For the next 10 days, all Hollywood eyes will turn toward Park City, Utah, at the 2013 Sundance Film Festival (January 17 through 26). Here's an early look at some standouts sure to be generating buzz on Main Street:
Charlie Victor Romeo
If France's master post-structuralist filmmakers Jean-Marie Straub and Danièle Huillet had directed Flight, it might look something like this utterly unclassifiable whatsit screening in Sundance's New Frontier section (devoted to works of the avant-garde). Originally produced on stage by New York's Collective:Unconscious theater group, Charlie Victor Romeo consists of six dramatizations of real-life airline emergencies, performed on a spartan set by a small rep company of actors, using transcripts of the actual "black box" cockpit voice-recorder transmissions as the script.

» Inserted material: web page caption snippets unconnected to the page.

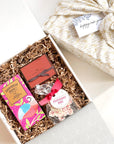 kadoo furoshiki corporate curated gift box with la maison du chocolat chocolates, shortbread house cookies, peppermint bark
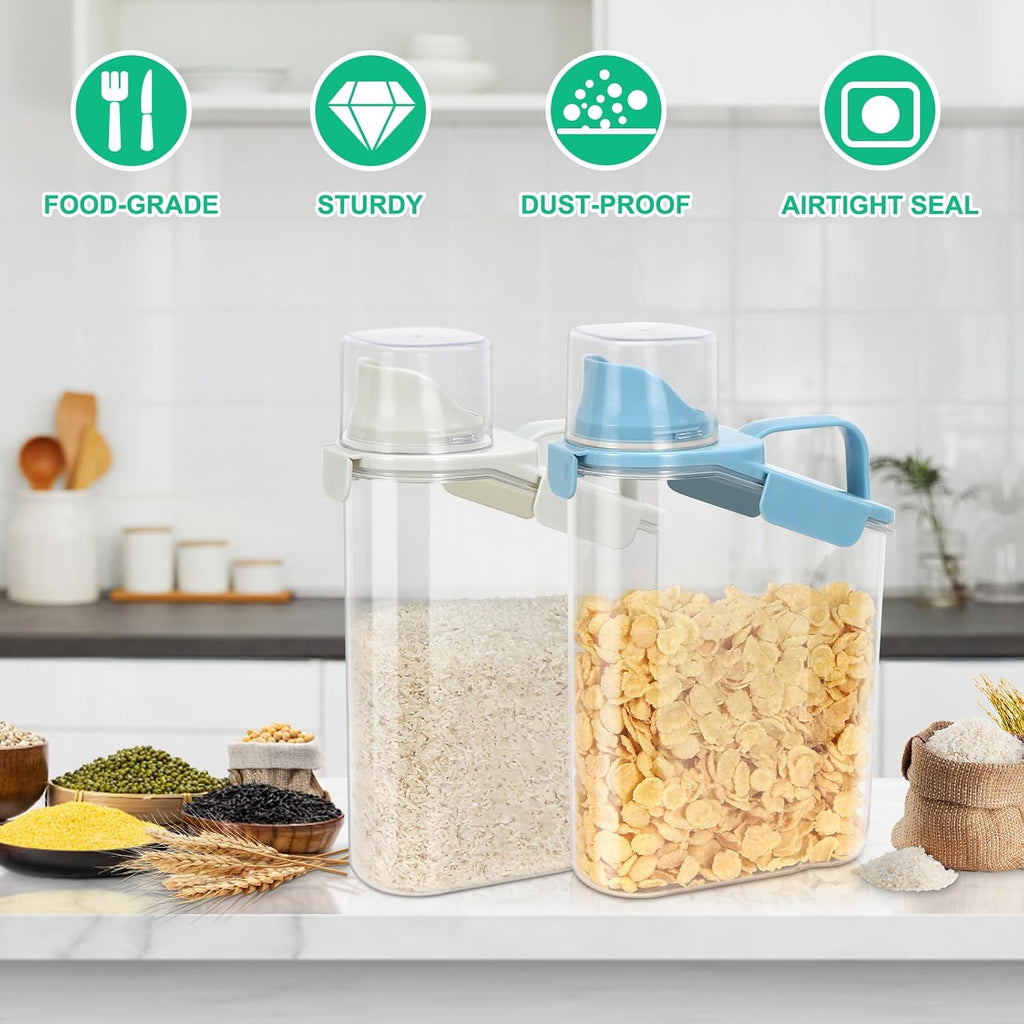 TBMax 2 Pack Rice Container Cereal Storage Container 3.2 Quarts, Kitchen Pantry Dry Food Storage Holder with Easy-Pouring Spout & Handy Cup, Small Pet Dog Cat Food Dispenser for Daily Feeding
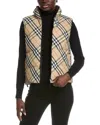 Burberry Reversible Check Nylon Puffer Gilet In Brown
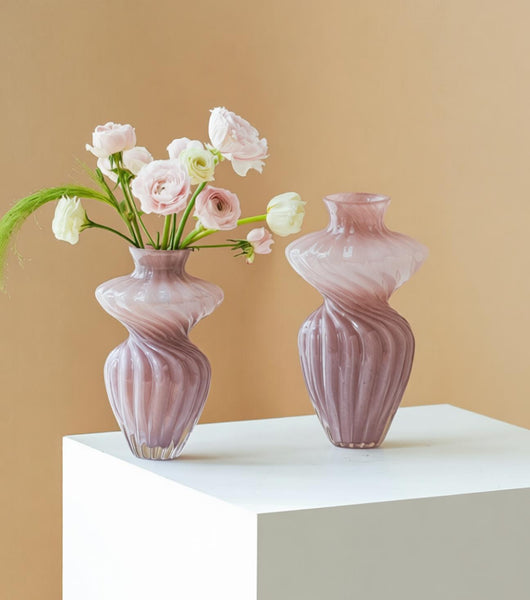 Mid Century Pink Vases for Flowers, Modern Vases for Living Room, Handmade Contemporary Glass Vases, Unique Decorative Glass Vase, Centerpiece Vases on Table-Silvia Home Craft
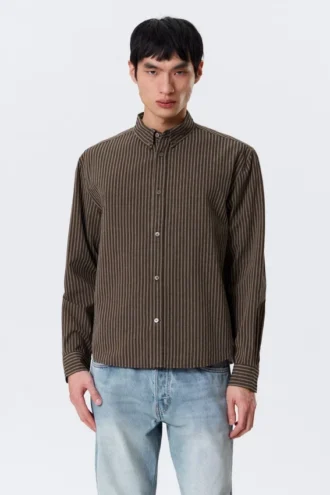Camisas holgadas a rayas con botones – Marrón a rayas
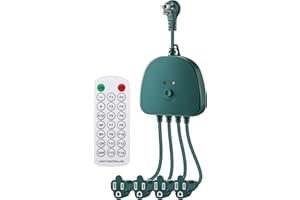 GULFMEW Christmas Light Controller with Remote, Create Dazzling Lighting Displays with Multiple Functions, Timer, Dusk to Dawn Sensor, Adjust Speed for Outdoor Indoor String Light (4 Channel, 14 Functions)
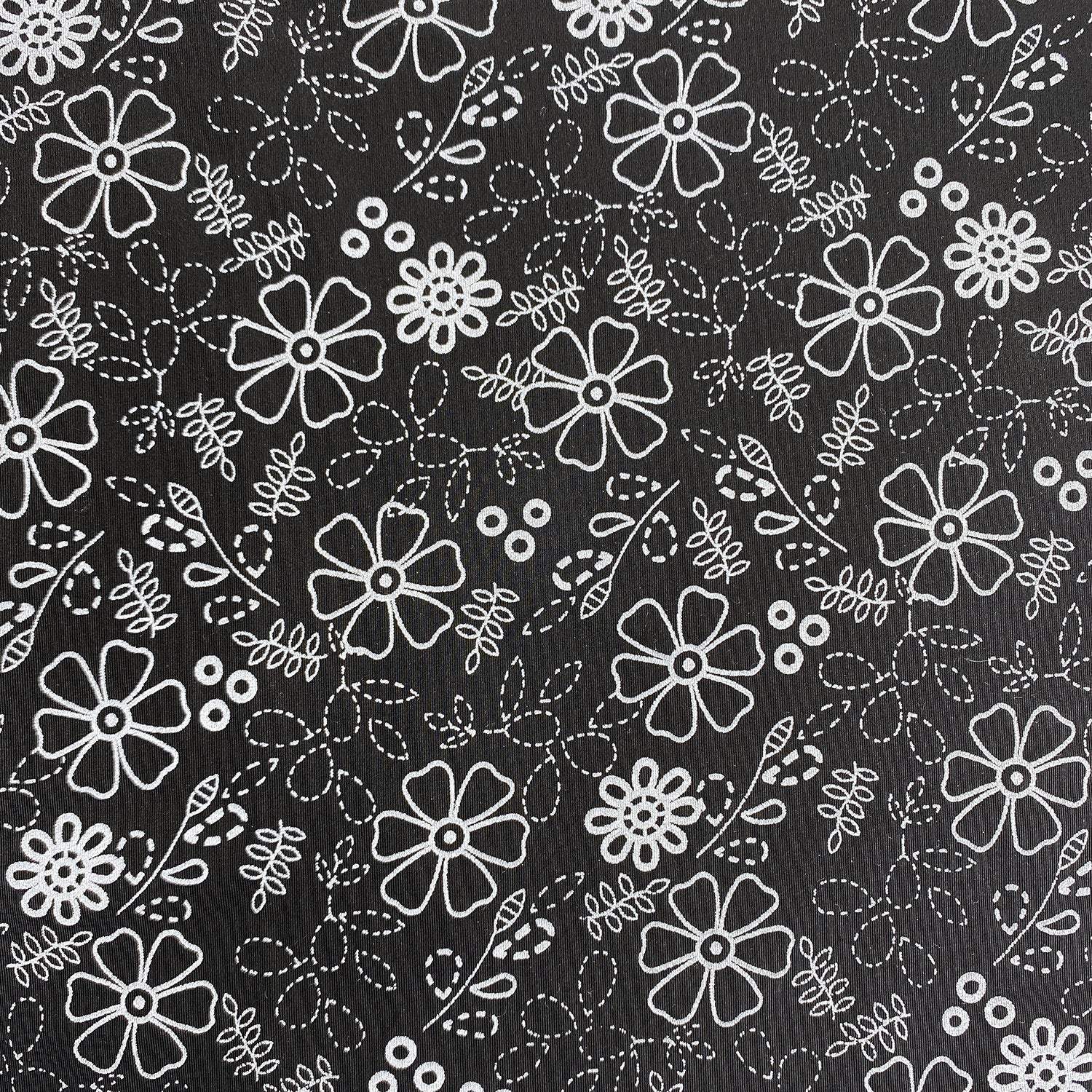 Stretch Tricot Fabric lightweight, White Flower Print on Black Background- by the 1/2 yard-Stitch Love Studio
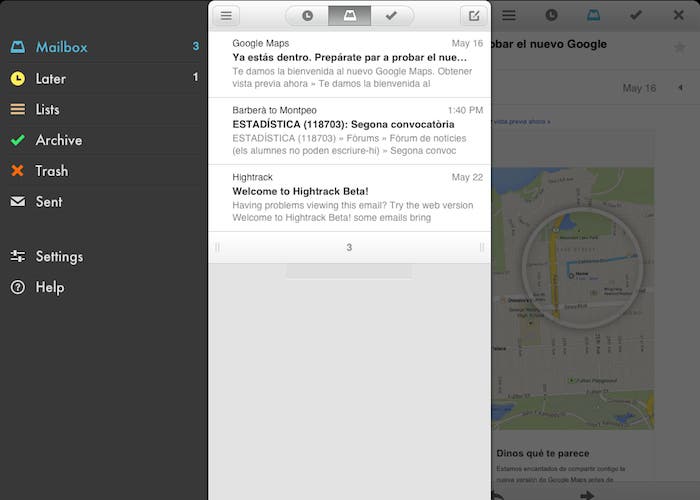 Interfaz principal de Mailbox para iPad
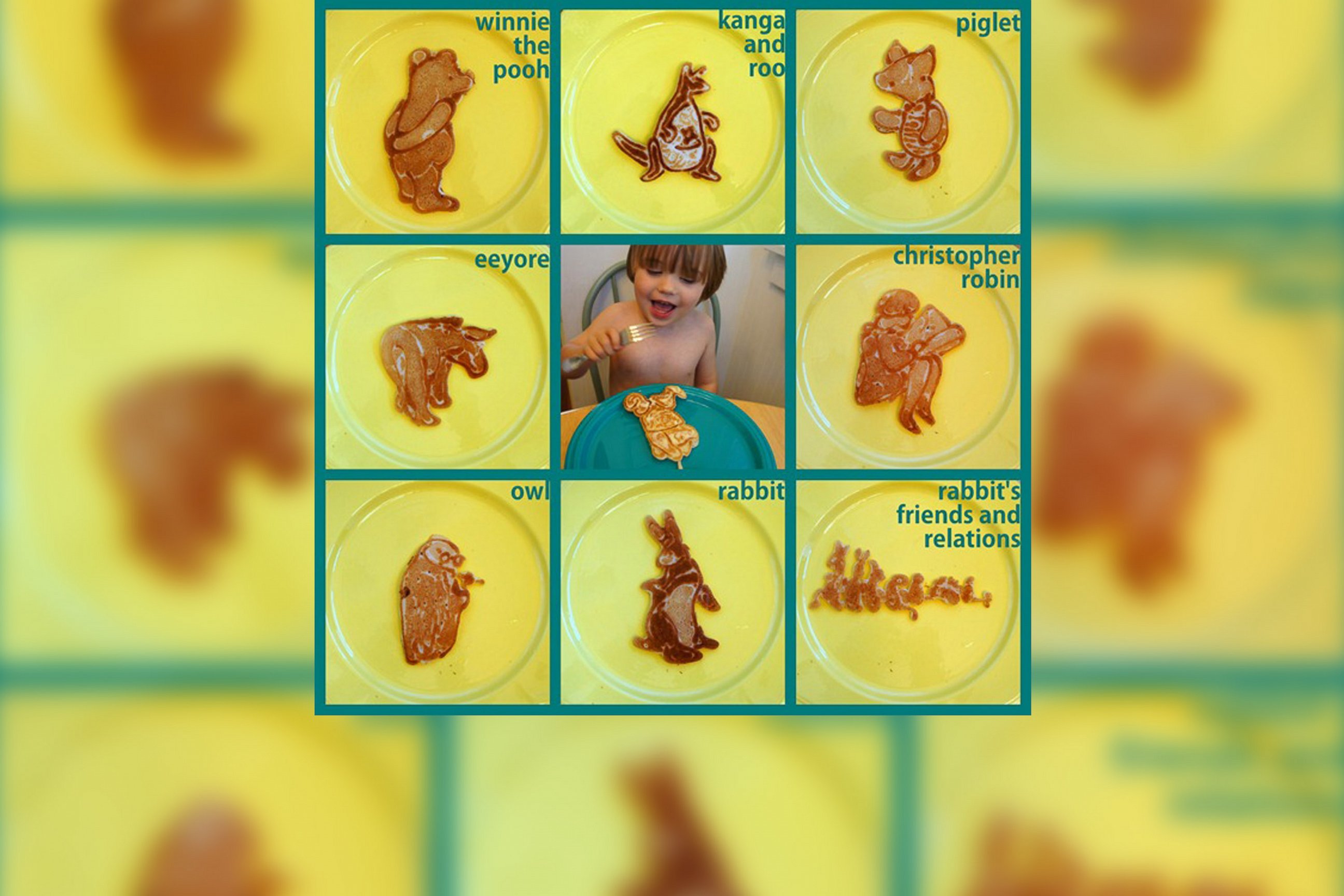 PHOTO: Winnie the Pooh characters are portrayed in pancake art made by illustrator Nathan Shields for his children.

Now, CVR is a movie, albeit one shot — in 3-D, no less — during several live performances in front of an audience, the theatrical lighting and set design adding an eerie, disembodied feel to the harrowing struggle between man and machine transpiring before us. For 80 minutes, the movie keeps you in something like suspended animation, waiting to exhale. All told, CVR might be more than some (most?) viewers can bear, but this much is for sure: You've never seen anything like it.
Charlie Victor Romeo
Mother of George
The gifted Nigerian-born photographer and filmmaker Andrew Dosunmu, whose debut feature, Restless City, was one of the most promising discoveries of last year's Sundance, returns with this even more accomplished relationship drama about Adenike (sensational newcomer Danai Gurira), a young Nigerian woman who emigrates to America to wed her fiancé, Brooklyn restaurateur Ayodele (Isaach De Bankolé). The film opens with a traditional Yoruba wedding banquet worthy of Visconti, before settling into a richly detailed portrait of African immigrant life in this proprietary corner of New York, all wrapped in a lyrical glaze by cinematographer Bradford Young. When Adenike fails to become pregnant in a timely manner, her formidable mother-in-law proposes a solution worthy of Greek tragedy, but one that Dosunmu and screenwriter Darci Picoult deploy with a minimum of melodrama and a maximum of psychological realism.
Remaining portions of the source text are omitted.